The 64-year-old clearly deserves massive credit for his influence in Leicester’s dramatic campaign to date and has gone some way to restoring his reputation after a recent disastrous spell with the Greek national side.
However, coming up against his former employers tonight and looking to exact more misery on a team that are currently 17 points below them and just one point above the relegation zone, Ranieri’s role in making the Blues one of English football’s top teams is worth revisiting.
The former Valencia trainer spent four years at the Stamford Bridge helm and was the man in charge of the team when Roman Abramovich shelled out a cool £140 million to buy Chelsea in July 2003.
With the Russian billionaire reportedly tossing up between the Blues and London rivals Tottenham in regards to which club to purchase, the fact that Ranieri had led Chelsea to fourth place and secured Champions League football in 2002-03 was surely a substantial factor in his decision.
In his four years as the West London club’s manager from 2000 to 2004, the quirky Italian consistently improved the team’s points total season-on-season, while he can is accountable for the development of some legendary players.
For the ill-advised or those short of memory, José Mourinho will get credit for developing a Chelsea powerhouse that swept aside everything in front of it for a prolonged period upon his appointment at Stamford Bridge.
However it was Ranieri that brought John Terry from the club’s youth ranks into the senior side, that signed Frank Lampard and recommended the acquisitions of Arjen Robben, Didier Drogba and Petr Čech – before he was shown the door.
Following Abramovich’s arrival, the Italian was given a solitary extra season as the Blues manager, most probably because a desirable alternative such as then-England manager Sven-Göran Eriksson could not be tempted to join.
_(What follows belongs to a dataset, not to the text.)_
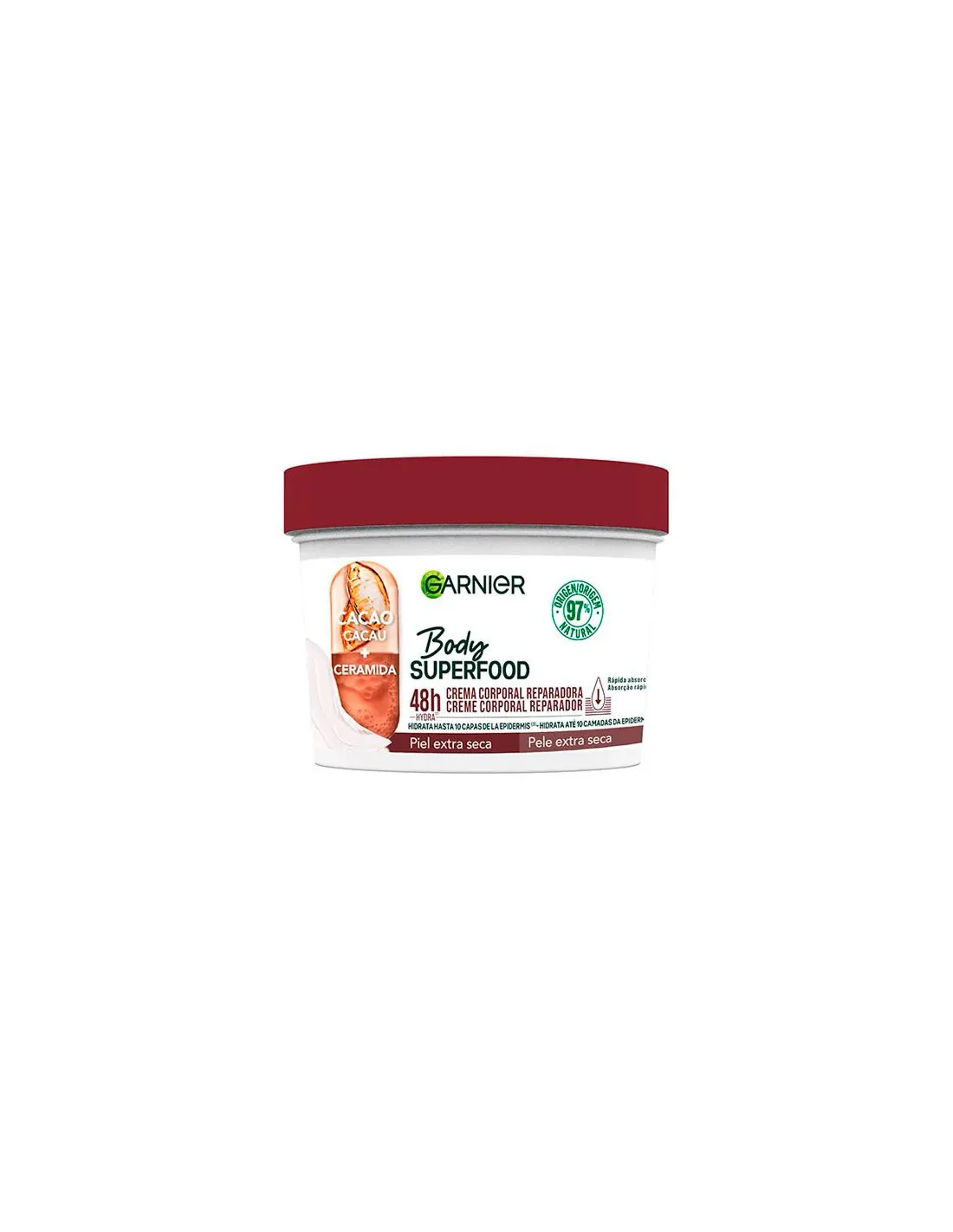 Garnier Body Superfood Crema Corporal Reparadora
Although the Russian sanctioned extreme expenditure, Ranieri must be given credit for leading the West London side to second place in 2003-04, behind only Arsenal’s Invincibles side, and progression to the Champions League semi-finals.
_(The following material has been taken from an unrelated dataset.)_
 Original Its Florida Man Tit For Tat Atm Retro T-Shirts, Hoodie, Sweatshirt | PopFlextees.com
Not winning a major piece of silverware at the first opportunity was deemed a failure, with Mourinho taking his place following scooping Europe’s top prize with Porto.
Although the self-proclaimed Special One may well have led the Blues to the Premier League title in his debut campaign in English football, it was using the crux of a team that Ranieri had honed.
There is no doubting Mourinho’s track record and he will go down as one of the best managers to monitor Chelsea from the touchlines, but the groundwork for his success was laid by the crafty Italian.
It seems almost fitting that Ranieri can tonight land a hammer blow on his former club and his managerial successor by leading Leicester to a famous victory.
Regardless of the score, he deserves real respect from Mourinho, Abramovich and the Chelsea fans for his role in helping to propel the club into its current status.